Under the first contention counsel for the city urge that neither the quoted language in question, nor any of the terms of the ordinances or agreement, authorized the deduction of Federal income and excise taxes, and that the Federal income tax is not á tax on real or personal property; that the Federal excise tax is not a franchise or capital stock tax, and that neither is "included in the words ‘operating expenses.” On each of these contentions appellee takes issue, and in addition urges that in treating Federal taxes as deductible items for nearly 17 years both parties have given contemporaneous and practical construction to the provisions in question, and the city is barred from asserting such claim on principles of estoppel and stated account.

From the statement of claim it appears that said companies have been operating continuously under original ordinances passed in 1907-8-9, and later ordinances, one of which authorizes unified operation *477of the city’s surface traction lines by a board of operation, under the designation 1 ‘Chicago Surface Lines,” in accordance with a prescribed form of agreement which was subsequently entered into between the companies and the city.

Said agreement after setting up the deductible items in accordance with the ordinances and fixing a basis of division of the “residue receipts” between the companies, requires said board of operation-to make and file with the city comptroller an annual report on or before April 10 of each year'for the preceding year ending January 31, in detailed form as prescribed by the city comptroller, of the business done by the companies, and the amounts of receipts and expenses from operation. These reports were so made and filed yearly from 1916 to 1925, inclusive, setting forth in itemized form the earnings, expenses and division of residue receipts of the surface lines for the previous fiscal year.

Included in the classification of expenses, as shown in said reports, were items designated as “taxes” or “general taxes” paid by the companies, which included the Federal excise and income taxes paid by the companies respectively for those years. Said books and accounts were kept in the form prescribed as required by a board of supervising engineers representing the city and said companies, approved' by the city comptroller, and examined and audited by certified book accountants selected jointly by the city and said board of operation, and a report of the audit was filed with and approved by the comptroller yearly except for the years 1920 to 1923, inclusive, the period the city claimed a forfeiture of the franchises. But in July, 1924, after the city abandoned that claim the books and accounts for those years were audited in the same way as before that time.

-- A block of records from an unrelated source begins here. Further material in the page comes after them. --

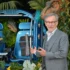 Steven Spielberg ukazuje za sebe.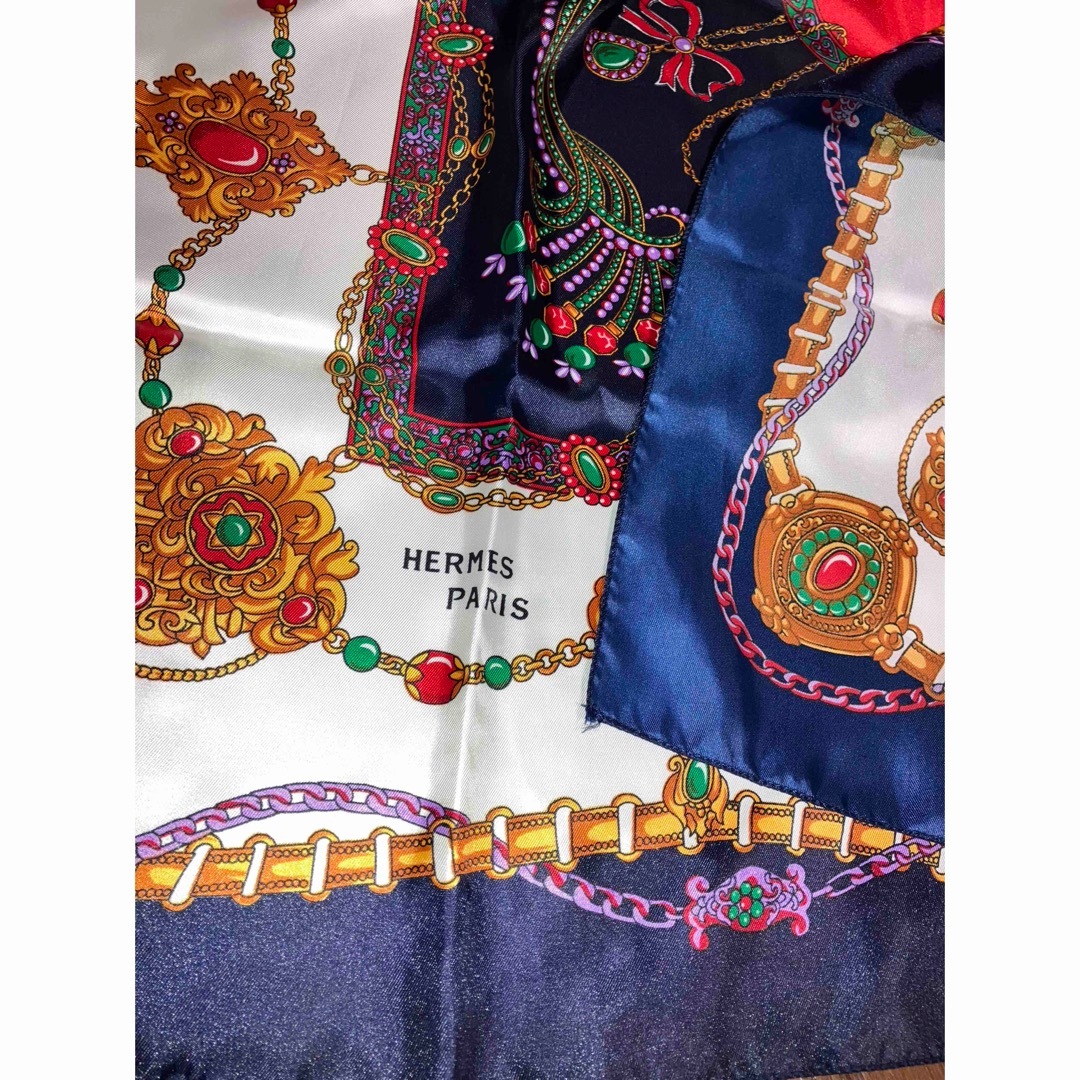 高級　ステキな　スカーフ　 レディースのファッション小物(バンダナ/スカーフ)の商品写真
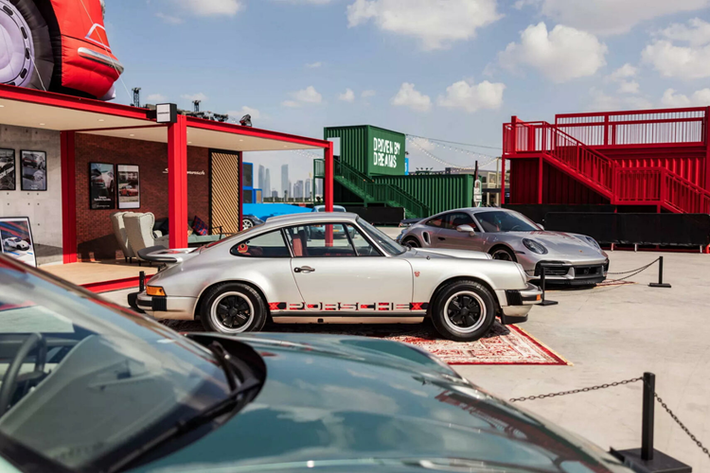 Ông Manfred Bräunl, Giám đốc điều hành của Porsche Trung Đông và Châu Phi chia sẻ: “Chiếc xe rất đặc biệt này đã làm nổi bật tinh thần dũng cảm và tiên phong của Porsche khi chúng tôi nhìn lại nguồn cảm hứng cho dự án, chiếc ‘911 Turbo Nr. 1’. Đây cũng là sự thể hiện hoàn hảo về những gì các chương trình cá nhân hóa của Porsche có thể thực hiện được.”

Provision was made for complete access to said books and accounts by the city to determine their accuracy, and each year, except *478as aforesaid, it accepted its share of the “net” or “residue receipts” as thus shown and verified, apparently without protest or question of the right to deduct said Federal taxes until it filed its amended statement of claim.

While the statement of claim avers that the city was not informed, and did not know of the deductions of said Federal taxes until August, 1925, the averment is inconsistent with the knowledge it necessarily acquired prior to that time through the examinations and audits, thus made by its designated officers or agents, Their actual or constructive knowledge of the books and accounts which disclosed such deductions aggregating hundreds of thousands of dollars, and their acquiescence therein must be deemed knowledge and acquiescence on the part of the city, and a contemporaneous and practical construction of the right to treat such taxes as deductible items.

While the statement of claim omits to refer to the Federal taxes levied prior to the year 1916, probably because of the running of the statute of limitations, it will be taken most strongly against the pleader, under well-recognized principles of pleading, that the Federal taxes for the prior years were also treated and acquiesced in as deductible items. As frequently held such practical construction given to the contract by the parties thereto is entitled to great, if not controlling, weight in determining its proper interpretation. (Merle v. Beifeld, 275 Ill. 594, 620; Gillett v. Teel, 272 Ill. 106, 114; 13 C. J. 546; 4 Page on Contracts, § 2014; Chicago v. Sheldon, 9 Wall. (U. S.) 50; City of New York v. New York City R. Co., 193 N. Y. 543, 548.)

Besides, these yearly settlement statements having been made under contractual arrangements whereby their accuracy was to be determined through agencies in which the city was expressly represented and whereby they were not to be accepted until so audited *479and approved, and having been accepted through a long series of years without objection until after this suit was begun, we think, under the reasoning of the Supreme Court in State v. Illinois Cent. R. Co., 246 Ill. 188, 246, 249, they were stated accounts by which the city was bound. The facts, of this case, as above recited, supporting such conclusion, are more persuasive than those in the cited case, for, while in that case knowledge on the part of the State was implied from the duty imposed upon the governor to examine the submitted accounts of the railroad and the presumption of the performance of that duty (though expressly challenged), here the accounts were admittedly examined and approved by authorized agents of the city pursuant to contract requiring them to determine their accuracy before making the yearly settlements.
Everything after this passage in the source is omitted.